But now you don't have to do that anymore.
You can just create this kind of easy to set up and verifiable way of doing things now.
Yeah, that's really cool.
I mean, I guess it's taking, I think last year, Flashbots, I think using D-Stack, but maybe not.
And Andrew Miller, they basically allowed you to take control over a Twitter account for one tweet or for one hour or something.
If I remember correctly, I think the Azuki NFTs did a demonstration on this.
the demonstration on this.
What you're saying is you can take this a step forward
and actually allow using Raffle or D-Stack
the ability to take over assets
or not even just assets,
but you can take over specific subcategories of an asset.
So I don't have the ability to send tokens,
but I have the ability to use a board ape
or something like I can win a raffle
or win a Minecraft tournament and then have access to a board ape or something like, like I can win a raffle or win a Minecraft tournament and then
have access to a board ape for, you know, a week so I can get into their private server or something
like that. Yeah, exactly. So liquefaction lets you like create these really fine-grained policies
that even the assets themselves don't let you get so deep on. Like, for example, currently, if you wanted to do some sort of delegation for your NFT,
the NFT has to support it somehow.
But with liquefaction, you don't even have to worry about what the protocol
or the smart contract that you're using can do
because you can create your own policies that work at the wallet level.

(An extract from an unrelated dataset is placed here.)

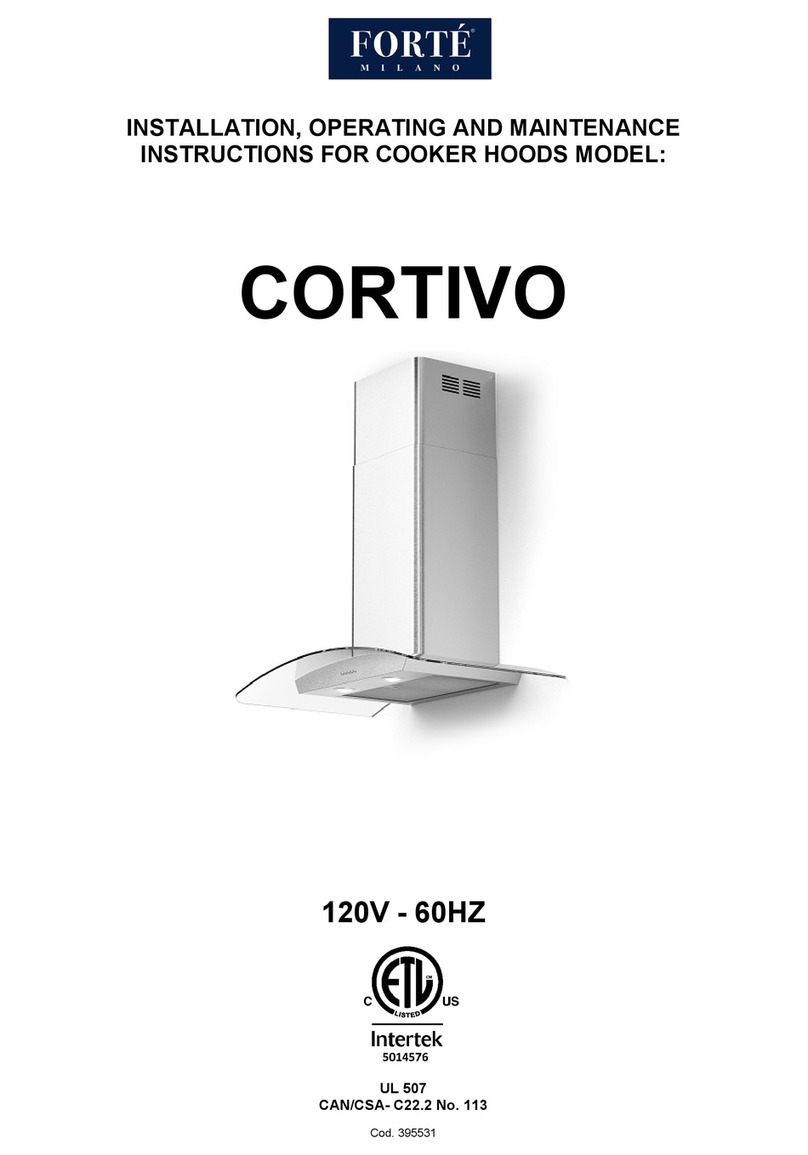 Forte Cortivo Series Installation, Operating and Maintenance Instructions for the Installer and the User Forte Cortivo Series Installation, Operating and Maintenance Instructions for the Installer and the User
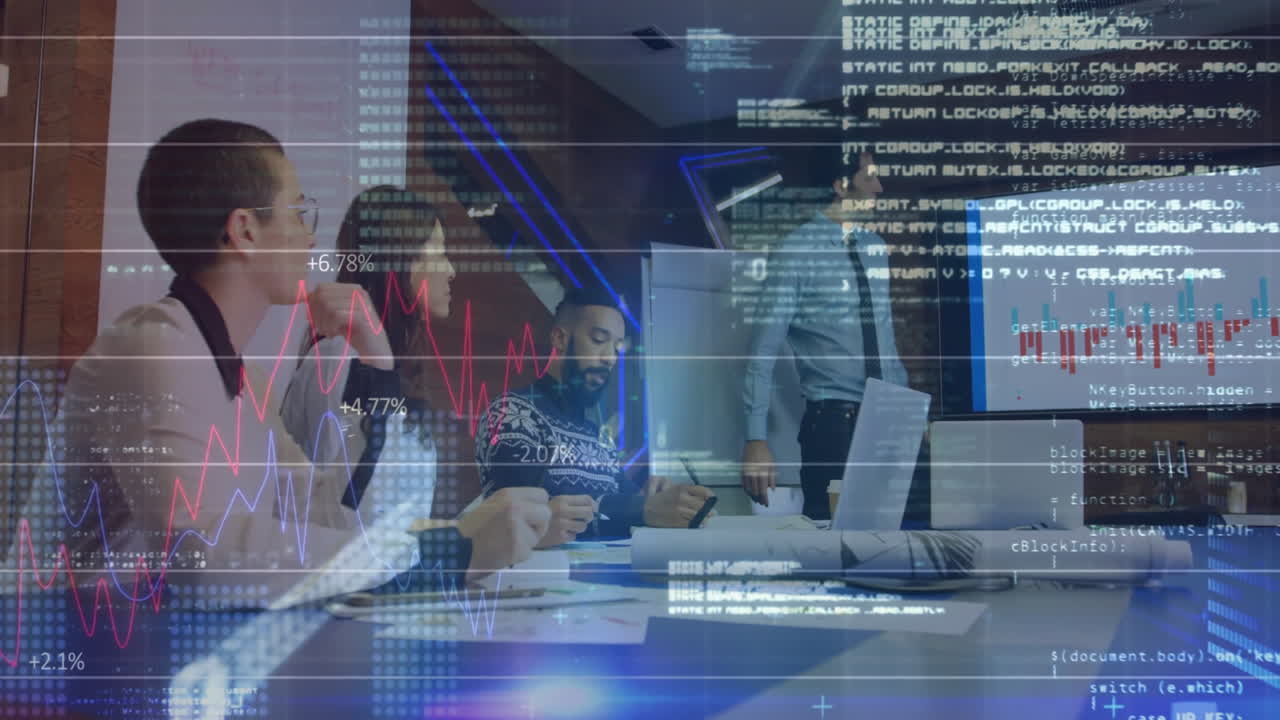 animación del procesamiento de datos sobre diversas personas de negocios que trabajan en la oficina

So you can create these policies that are really specific that the existing contracts would only
authenticate via address. And now you can create policies for specific capabilities that your
address can do and then sell that or rent that to someone else securely. Right. So, I mean, the way I look at that, I always try to think about it,
like where's the breakthrough in that, is that you're actually,
even if the, like,
it's almost like you can create an Ethereum overlay contract on Ethereum,
like add functionality to smart contracts that already exist and do things in
smart contracts on Ethereum or any network
that like previously were sort of impossible or like too intertwined to separate can now be
separated into like all the individual aspects of like a token or a smart contract.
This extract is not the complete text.